The Liberty Alliance released suggested guidelines for deploying a federated identification (ID) system on the network, officials announced Tuesday.
Officials said that while they expect to see 1 billion Liberty-enabled identities and devices globally by the end of 2006, they understand policy makers within an organization need tools to help them identify and manage the business considerations involved with rolling out the system.
The Deployment Guidelines for Policy Decision Makers (.PDF file) is a 13-page document addressing the business, legal and privacy challenges of deploying federated ID on the network.
Officials from Sun Microsystems , Oracle
and the Business Industry Political Action Committee (BIPAC) contributed to the report.
The guidelines, which are a follow-up to Liberty’s business guidelines released two years ago, outline the concerns businesses need to address before implementing a federated ID system on their networks: when the data will be shared; how consent is obtained from users and whether its auditable; how the data should be accessed and maintained; and identifying the business reasons for having federated ID in the first place.
Piper Cole, former chair of the Liberty Alliance’s public policy expert group and Sun Microsystems vice president of global government and community affairs, said some of the guidelines’ results came from Sun’s own recent federated ID rollout.
Sun’s governmental affairs office is going live with a federated network ID system in the coming days.
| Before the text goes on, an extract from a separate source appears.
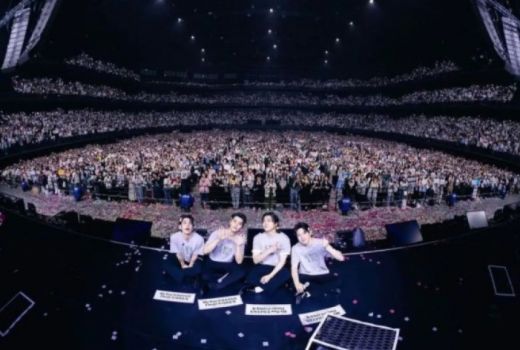 Konser Day6 di Jakarta Kacau, Mecimapro Kena Batunya - GenPI.co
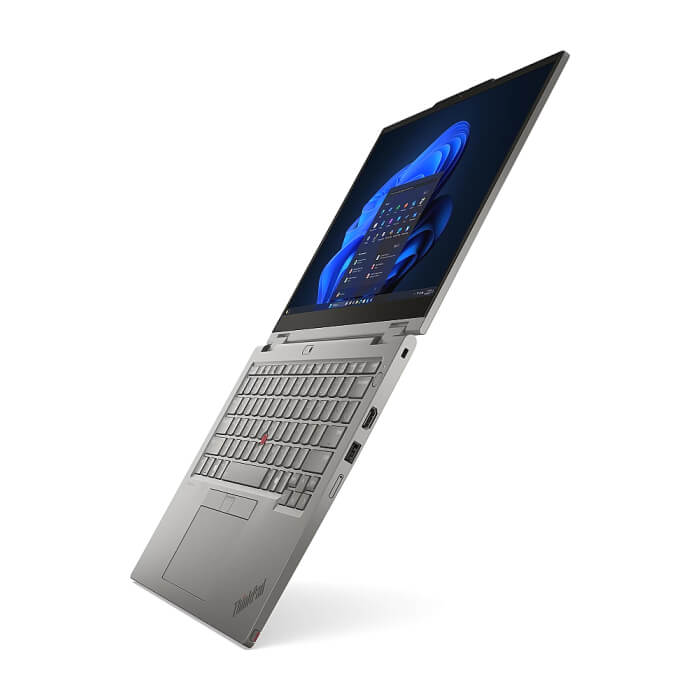 Lenovo ThinkPad L13 2-in-1 G6 AMD Ryzen 5 PRO 215 (up to 4.7GHz,16MB), 16GB LPDDR5x-7500, 512GB SSD, 13.3" WUXGA (1920x1200) IPS AR AS, Touch, AMD Radeon 740M, Pen, Backlit KB ID 93822 (тъмнейл - 5)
One of its fellow Liberty Alliance members, BIPAC, will access back-end information without getting at employees’ personal information. Their deployment experience went into the making of the guideline, she said.
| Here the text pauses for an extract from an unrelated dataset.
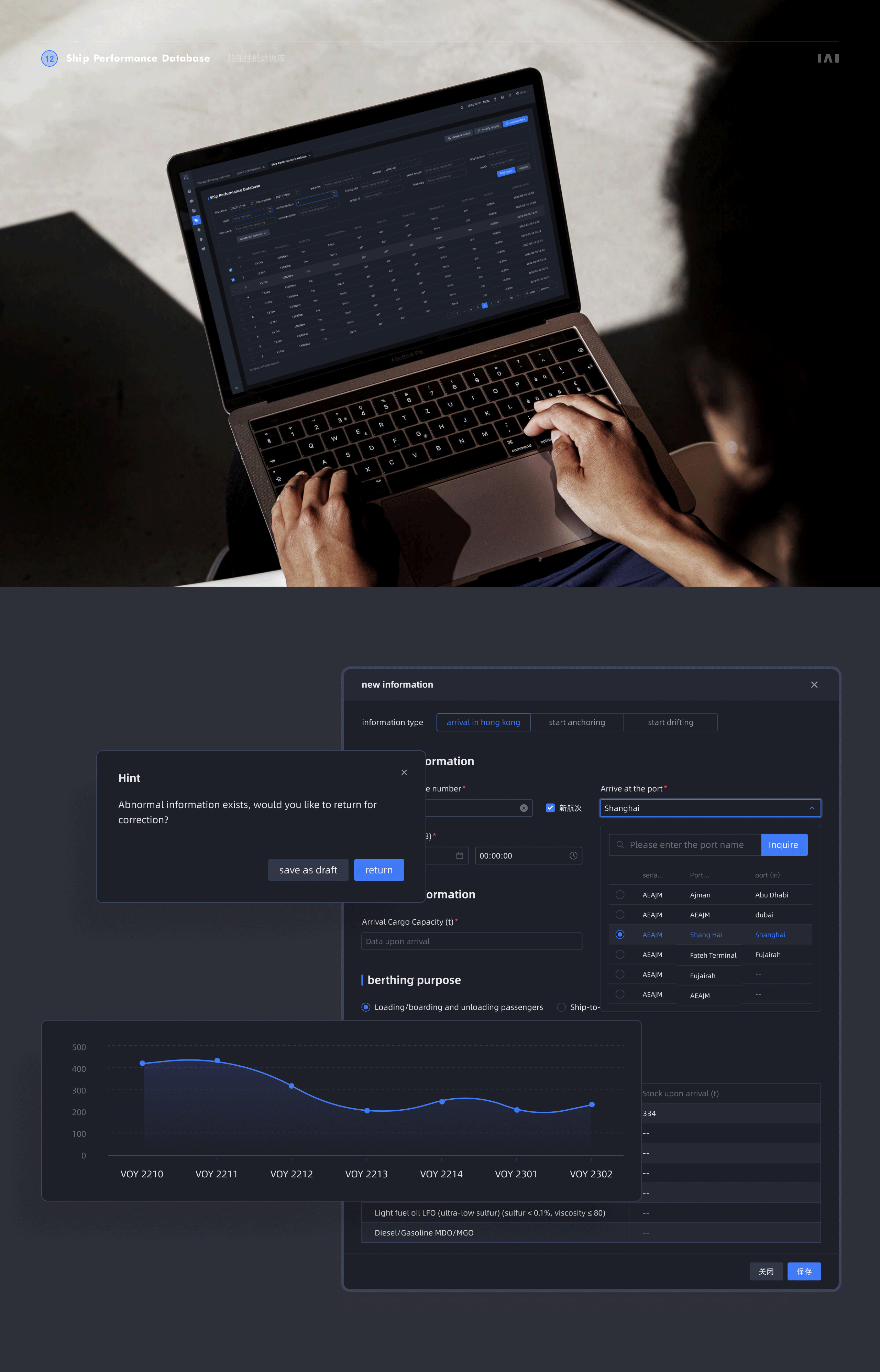 B端后台操作系统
“What we found out is the technology is pretty easy but the business issues are what is difficult, and where to start on the business issues are very difficult for people to get their heads around,” Cole said.
Microsoft’s PassPort is perhaps the most recognized aspect of federated ID. The single-sign on (SSO) technology lets its user log on to different areas of the Redmond empire, from its MSN Web portal to the Microsoft Developers Network (MSDN).
Business concerns, however, are a little more complicated than being able to reduce the amount of passwords needed to access a network. They need a secure platform in which partners, customers, suppliers and others can access identification data between each other without compromising that data’s security.
The Liberty Alliance is an industry consortium that includes Sun, American Express , Intel
and Ericsson.
The group has done a lot of work to get the latest federated ID technologies into the workplace, from its benchmarking and certification support for the Security Assertion Markup Language 2.0 (SAML 2.0) standard to evangelism for the technology specifications.